Great questions. Here’s the breakdown:

1. Docker images

There are two categories of images to consider:

  • Camunda component images (Zeebe, Connectors, Identity, etc.): These are pulled from Docker Hub (camunda/*). No special enterprise registry is needed for these.
  • Infrastructure images (Elasticsearch, PostgreSQL, Keycloak — deployed via Bitnami subcharts): By default, the Helm chart uses open-source Bitnami images, which are fine for development and testing. For production, as an Enterprise customer you have access to Bitnami Premium images via registry.camunda.cloud, which receive timely security patches.

2. Enterprise values file

Yes, Camunda provides a values-enterprise.yaml that configures the chart to use the Bitnami Premium images.
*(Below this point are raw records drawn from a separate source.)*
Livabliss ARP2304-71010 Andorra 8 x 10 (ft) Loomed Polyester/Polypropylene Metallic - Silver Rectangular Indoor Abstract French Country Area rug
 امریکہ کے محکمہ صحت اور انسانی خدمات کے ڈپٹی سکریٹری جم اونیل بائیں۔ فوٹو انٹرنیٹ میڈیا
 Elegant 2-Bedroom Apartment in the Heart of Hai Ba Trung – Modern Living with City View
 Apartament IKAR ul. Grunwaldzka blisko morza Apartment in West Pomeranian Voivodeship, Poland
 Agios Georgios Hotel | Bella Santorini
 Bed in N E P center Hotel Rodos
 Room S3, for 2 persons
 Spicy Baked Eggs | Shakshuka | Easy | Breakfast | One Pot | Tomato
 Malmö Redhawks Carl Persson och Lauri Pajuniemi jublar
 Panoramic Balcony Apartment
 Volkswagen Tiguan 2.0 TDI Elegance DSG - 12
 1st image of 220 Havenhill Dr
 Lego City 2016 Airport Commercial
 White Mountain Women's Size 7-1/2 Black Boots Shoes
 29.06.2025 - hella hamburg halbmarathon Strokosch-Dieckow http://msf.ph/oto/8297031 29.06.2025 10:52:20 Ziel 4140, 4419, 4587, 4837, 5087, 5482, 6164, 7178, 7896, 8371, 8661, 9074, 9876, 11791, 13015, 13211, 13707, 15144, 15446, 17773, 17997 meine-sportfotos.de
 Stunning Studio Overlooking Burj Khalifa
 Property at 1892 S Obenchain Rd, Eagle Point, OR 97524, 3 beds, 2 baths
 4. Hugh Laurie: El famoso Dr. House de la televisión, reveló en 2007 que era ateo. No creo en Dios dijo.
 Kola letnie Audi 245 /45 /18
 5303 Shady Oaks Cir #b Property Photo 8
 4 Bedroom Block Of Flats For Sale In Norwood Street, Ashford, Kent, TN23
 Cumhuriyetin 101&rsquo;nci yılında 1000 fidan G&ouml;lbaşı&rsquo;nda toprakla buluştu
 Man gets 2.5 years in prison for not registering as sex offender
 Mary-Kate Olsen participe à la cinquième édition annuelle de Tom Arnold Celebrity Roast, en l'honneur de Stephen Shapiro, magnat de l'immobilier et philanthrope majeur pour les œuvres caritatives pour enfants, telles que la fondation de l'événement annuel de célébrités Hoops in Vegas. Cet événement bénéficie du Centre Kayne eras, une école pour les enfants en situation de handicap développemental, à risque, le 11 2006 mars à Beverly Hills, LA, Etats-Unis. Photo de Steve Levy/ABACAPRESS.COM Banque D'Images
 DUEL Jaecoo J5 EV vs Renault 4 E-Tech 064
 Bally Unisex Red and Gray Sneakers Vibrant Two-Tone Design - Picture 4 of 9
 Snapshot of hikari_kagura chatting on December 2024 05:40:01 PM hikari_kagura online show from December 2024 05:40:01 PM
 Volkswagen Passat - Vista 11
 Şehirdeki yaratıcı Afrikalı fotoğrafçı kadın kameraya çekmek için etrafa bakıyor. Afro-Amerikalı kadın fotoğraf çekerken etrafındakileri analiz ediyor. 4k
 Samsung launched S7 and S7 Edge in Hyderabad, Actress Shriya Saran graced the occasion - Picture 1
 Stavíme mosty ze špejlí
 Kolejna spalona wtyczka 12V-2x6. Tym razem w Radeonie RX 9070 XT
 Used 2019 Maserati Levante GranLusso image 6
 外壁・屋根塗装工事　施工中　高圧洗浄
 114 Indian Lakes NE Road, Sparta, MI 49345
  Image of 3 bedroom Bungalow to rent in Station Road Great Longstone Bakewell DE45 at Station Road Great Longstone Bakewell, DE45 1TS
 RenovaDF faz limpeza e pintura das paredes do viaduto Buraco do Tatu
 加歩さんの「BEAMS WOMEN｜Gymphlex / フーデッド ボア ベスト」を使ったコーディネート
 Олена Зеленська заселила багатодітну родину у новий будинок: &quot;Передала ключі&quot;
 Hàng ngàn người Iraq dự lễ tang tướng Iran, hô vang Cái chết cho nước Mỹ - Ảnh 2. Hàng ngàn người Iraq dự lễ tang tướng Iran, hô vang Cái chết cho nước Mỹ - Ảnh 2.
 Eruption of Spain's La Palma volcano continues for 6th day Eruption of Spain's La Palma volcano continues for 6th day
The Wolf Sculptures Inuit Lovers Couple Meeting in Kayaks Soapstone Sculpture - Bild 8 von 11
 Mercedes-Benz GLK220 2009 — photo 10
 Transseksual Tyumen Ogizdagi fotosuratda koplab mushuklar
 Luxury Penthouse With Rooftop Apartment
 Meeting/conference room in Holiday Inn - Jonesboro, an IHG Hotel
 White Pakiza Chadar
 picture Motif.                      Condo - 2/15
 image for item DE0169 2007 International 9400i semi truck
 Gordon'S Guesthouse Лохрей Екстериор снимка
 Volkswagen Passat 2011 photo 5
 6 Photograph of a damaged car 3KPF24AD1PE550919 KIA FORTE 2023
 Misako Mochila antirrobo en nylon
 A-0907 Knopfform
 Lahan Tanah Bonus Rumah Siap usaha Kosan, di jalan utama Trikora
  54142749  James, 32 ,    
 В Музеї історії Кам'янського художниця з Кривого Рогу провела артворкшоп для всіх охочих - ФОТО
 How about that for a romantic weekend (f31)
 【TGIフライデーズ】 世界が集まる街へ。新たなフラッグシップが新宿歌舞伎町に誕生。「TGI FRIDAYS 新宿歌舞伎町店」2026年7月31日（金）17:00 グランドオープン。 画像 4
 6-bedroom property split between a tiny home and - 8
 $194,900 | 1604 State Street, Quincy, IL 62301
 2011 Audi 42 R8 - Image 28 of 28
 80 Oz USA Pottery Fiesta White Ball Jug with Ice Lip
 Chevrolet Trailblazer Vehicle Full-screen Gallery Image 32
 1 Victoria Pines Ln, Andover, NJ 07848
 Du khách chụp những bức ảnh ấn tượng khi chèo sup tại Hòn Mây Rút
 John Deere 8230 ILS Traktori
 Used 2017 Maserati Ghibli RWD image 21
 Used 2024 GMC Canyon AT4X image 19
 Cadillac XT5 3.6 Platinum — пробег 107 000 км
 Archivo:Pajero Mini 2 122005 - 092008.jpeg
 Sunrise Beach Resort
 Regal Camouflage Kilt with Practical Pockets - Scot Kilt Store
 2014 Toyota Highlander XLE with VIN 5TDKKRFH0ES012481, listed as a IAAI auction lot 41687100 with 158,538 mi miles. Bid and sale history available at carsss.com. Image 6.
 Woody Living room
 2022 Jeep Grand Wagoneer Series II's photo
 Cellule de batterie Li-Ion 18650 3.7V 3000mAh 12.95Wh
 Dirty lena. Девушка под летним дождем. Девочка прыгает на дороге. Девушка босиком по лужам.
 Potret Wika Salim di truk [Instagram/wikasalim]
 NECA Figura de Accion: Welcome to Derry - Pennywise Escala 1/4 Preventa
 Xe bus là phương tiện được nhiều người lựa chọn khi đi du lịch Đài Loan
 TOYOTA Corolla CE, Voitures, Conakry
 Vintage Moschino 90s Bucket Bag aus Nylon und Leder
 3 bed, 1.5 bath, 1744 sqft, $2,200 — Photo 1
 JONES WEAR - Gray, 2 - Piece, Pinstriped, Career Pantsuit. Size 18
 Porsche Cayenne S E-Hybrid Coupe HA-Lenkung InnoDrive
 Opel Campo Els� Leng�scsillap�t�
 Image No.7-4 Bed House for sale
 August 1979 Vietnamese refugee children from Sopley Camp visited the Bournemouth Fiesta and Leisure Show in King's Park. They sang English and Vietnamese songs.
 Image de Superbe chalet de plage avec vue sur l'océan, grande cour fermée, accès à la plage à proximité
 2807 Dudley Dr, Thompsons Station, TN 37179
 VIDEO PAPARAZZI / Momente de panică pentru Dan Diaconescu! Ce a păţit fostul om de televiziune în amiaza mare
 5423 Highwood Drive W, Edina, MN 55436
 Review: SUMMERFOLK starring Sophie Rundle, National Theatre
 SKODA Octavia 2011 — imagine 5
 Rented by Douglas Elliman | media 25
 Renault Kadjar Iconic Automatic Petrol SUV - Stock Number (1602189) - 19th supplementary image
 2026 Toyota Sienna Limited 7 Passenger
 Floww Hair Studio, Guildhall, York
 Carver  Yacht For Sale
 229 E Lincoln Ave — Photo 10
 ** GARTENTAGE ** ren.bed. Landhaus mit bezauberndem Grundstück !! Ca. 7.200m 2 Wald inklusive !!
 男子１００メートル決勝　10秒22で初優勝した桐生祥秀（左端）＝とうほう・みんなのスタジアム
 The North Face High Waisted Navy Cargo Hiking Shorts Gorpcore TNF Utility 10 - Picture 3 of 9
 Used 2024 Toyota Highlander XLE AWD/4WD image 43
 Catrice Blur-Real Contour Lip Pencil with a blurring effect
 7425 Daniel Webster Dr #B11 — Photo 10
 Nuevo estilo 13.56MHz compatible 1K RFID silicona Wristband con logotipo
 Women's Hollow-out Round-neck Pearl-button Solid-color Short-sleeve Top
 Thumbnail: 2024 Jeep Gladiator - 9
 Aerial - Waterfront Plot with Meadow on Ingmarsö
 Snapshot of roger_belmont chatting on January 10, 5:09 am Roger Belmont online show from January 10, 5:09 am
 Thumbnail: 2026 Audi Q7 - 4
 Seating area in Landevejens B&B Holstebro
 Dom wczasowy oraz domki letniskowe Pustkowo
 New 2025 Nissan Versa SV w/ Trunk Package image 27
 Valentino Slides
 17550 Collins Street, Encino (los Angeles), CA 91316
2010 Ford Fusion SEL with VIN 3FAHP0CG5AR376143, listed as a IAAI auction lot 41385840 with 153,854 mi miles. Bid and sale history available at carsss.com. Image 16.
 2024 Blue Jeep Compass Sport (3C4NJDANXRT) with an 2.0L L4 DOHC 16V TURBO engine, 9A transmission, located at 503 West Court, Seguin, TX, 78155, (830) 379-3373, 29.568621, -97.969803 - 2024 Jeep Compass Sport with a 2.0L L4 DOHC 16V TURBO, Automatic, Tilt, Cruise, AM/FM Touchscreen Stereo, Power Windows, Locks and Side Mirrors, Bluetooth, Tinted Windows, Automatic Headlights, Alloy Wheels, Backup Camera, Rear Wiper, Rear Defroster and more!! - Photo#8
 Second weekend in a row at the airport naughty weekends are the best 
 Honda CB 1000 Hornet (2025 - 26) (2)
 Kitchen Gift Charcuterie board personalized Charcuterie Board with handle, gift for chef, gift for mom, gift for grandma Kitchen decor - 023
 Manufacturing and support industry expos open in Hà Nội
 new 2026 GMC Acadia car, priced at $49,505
To use it:

First, create a registry secret with your Enterprise credentials:

kubectl create secret docker-registry registry-camunda-cloud \
  --docker-server=registry.camunda.cloud \
  --docker-username=<your-username> \
  --docker-password=<your-password> \
  --docker-email=unused@example.com

Then include the enterprise values file during installation:

helm install camunda camunda/camunda-platform --version $HELM_CHART_VERSION \
  --values https://raw.githubusercontent.com/camunda/camunda-platform-helm/main/charts/camunda-platform-8.8/values-enterprise.yaml

Full details here: Install Bitnami enterprise images

3. AWS deployment

Since you’re deploying on AWS, I recommend following the reference architecture guide for EKS:
Install Camunda 8 on an EKS cluster

Important note for production: Starting with Camunda 8.8, Bitnami subcharts (Elasticsearch, PostgreSQL, Keycloak) are primarily intended for development and testing. For production, Camunda recommends using managed services (e.g., Amazon OpenSearch, Amazon RDS for PostgreSQL) or operator-based deployments. The EKS guide above covers this approach.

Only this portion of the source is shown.